Data to use:
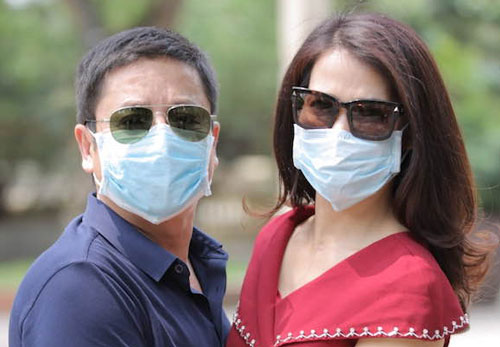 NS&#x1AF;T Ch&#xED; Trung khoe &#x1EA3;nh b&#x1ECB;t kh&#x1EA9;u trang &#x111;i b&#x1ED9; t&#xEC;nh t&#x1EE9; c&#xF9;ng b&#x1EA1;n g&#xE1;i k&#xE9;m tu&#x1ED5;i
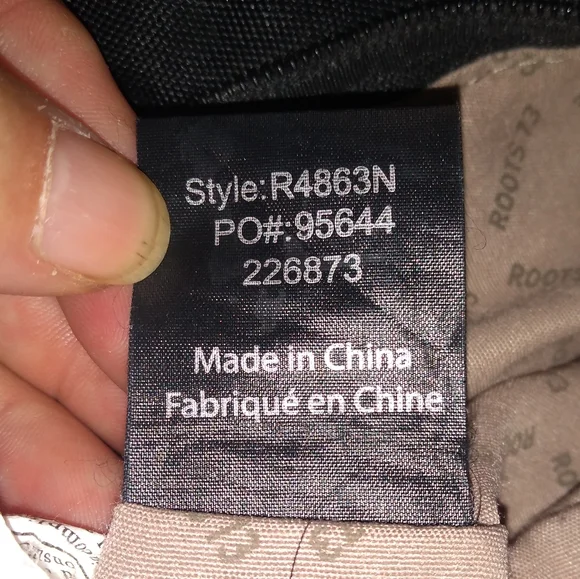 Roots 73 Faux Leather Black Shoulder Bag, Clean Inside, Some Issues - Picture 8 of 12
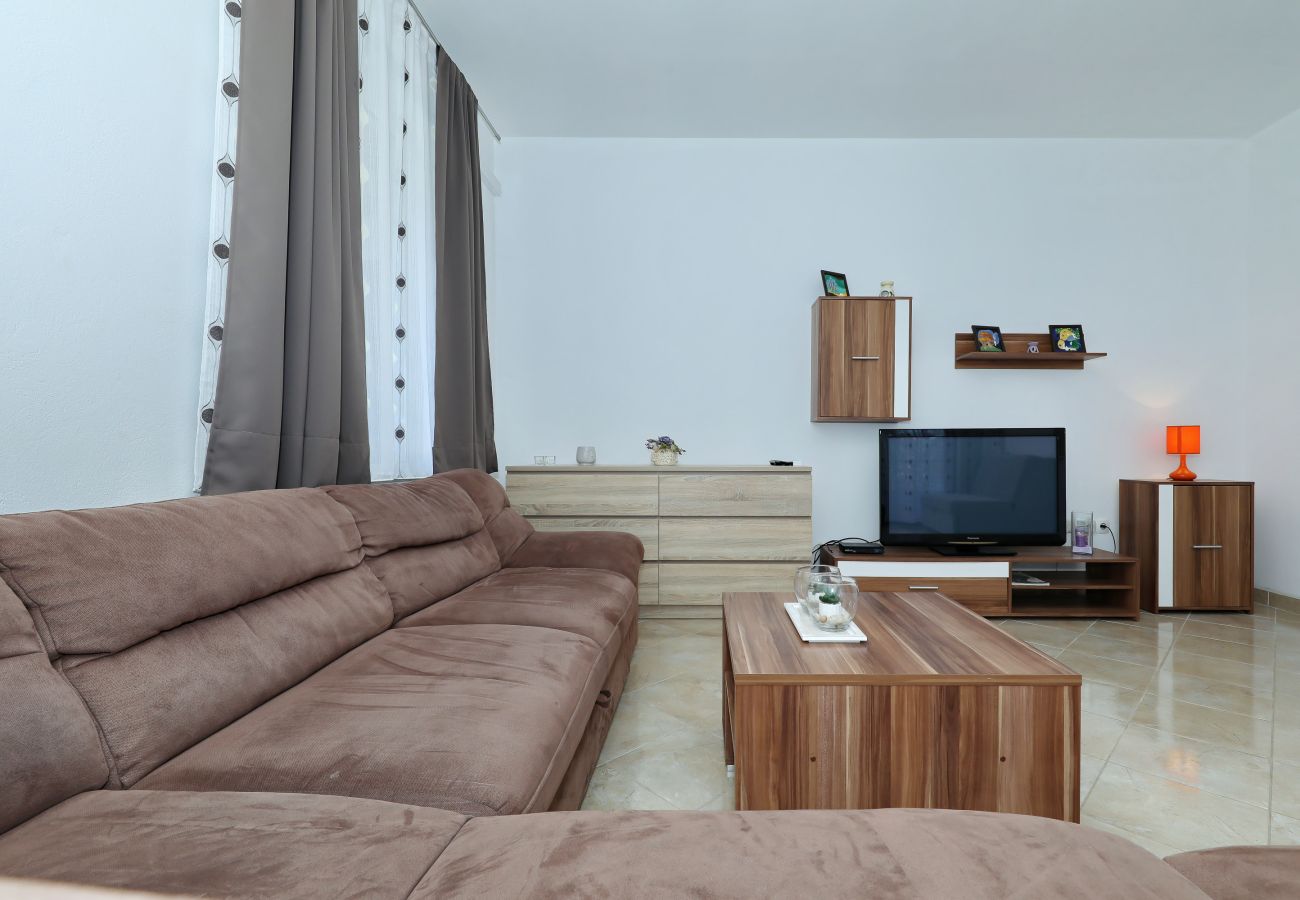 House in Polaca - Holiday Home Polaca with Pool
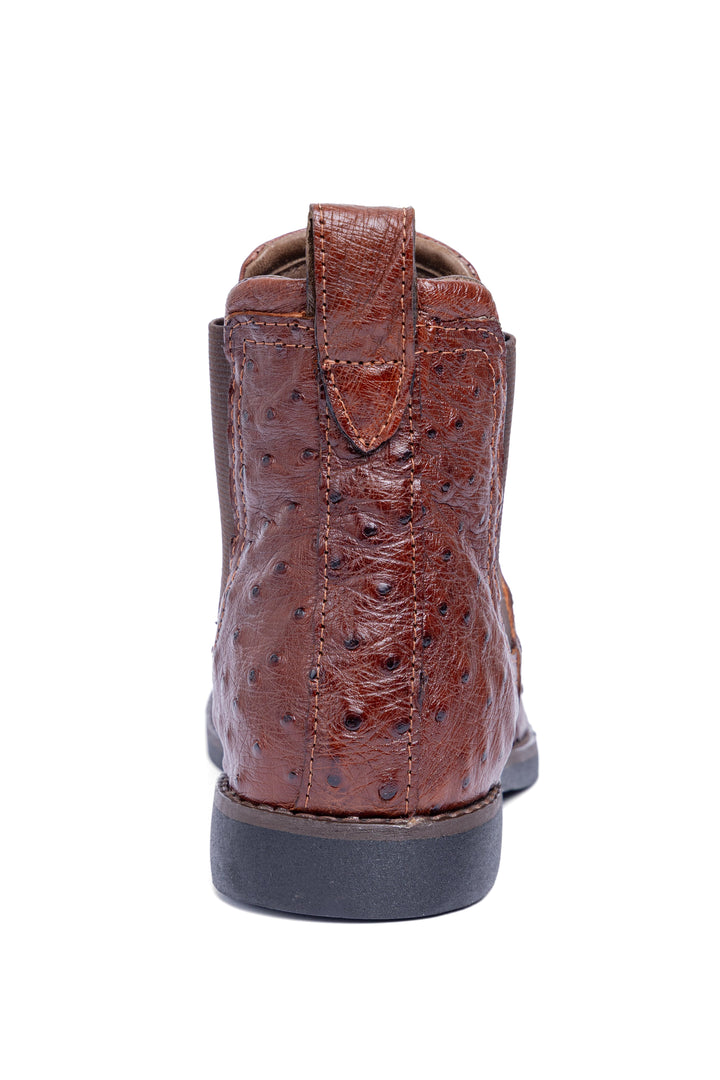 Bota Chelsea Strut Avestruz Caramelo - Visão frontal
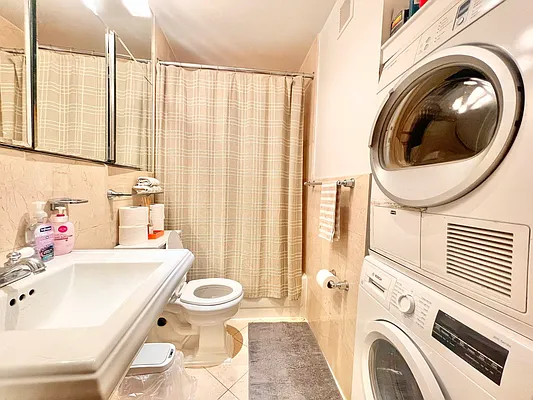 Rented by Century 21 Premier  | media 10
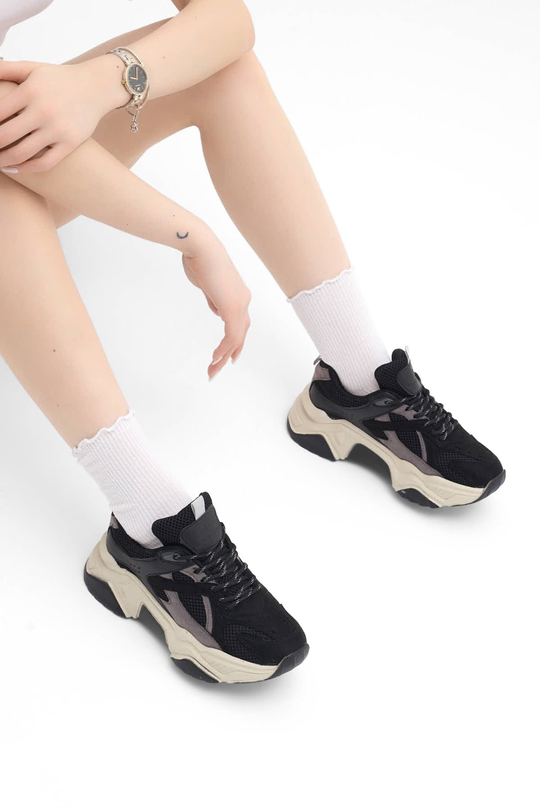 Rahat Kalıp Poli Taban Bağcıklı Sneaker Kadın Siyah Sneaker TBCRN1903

Task statement: Return the lines from the one containing "Rented by Century" through the last line of the records, both included, exactly as written and with no pictures.

Written answer:
 Rented by Century 21 Premier  | media 10
 Rahat Kalıp Poli Taban Bağcıklı Sneaker Kadın Siyah Sneaker TBCRN1903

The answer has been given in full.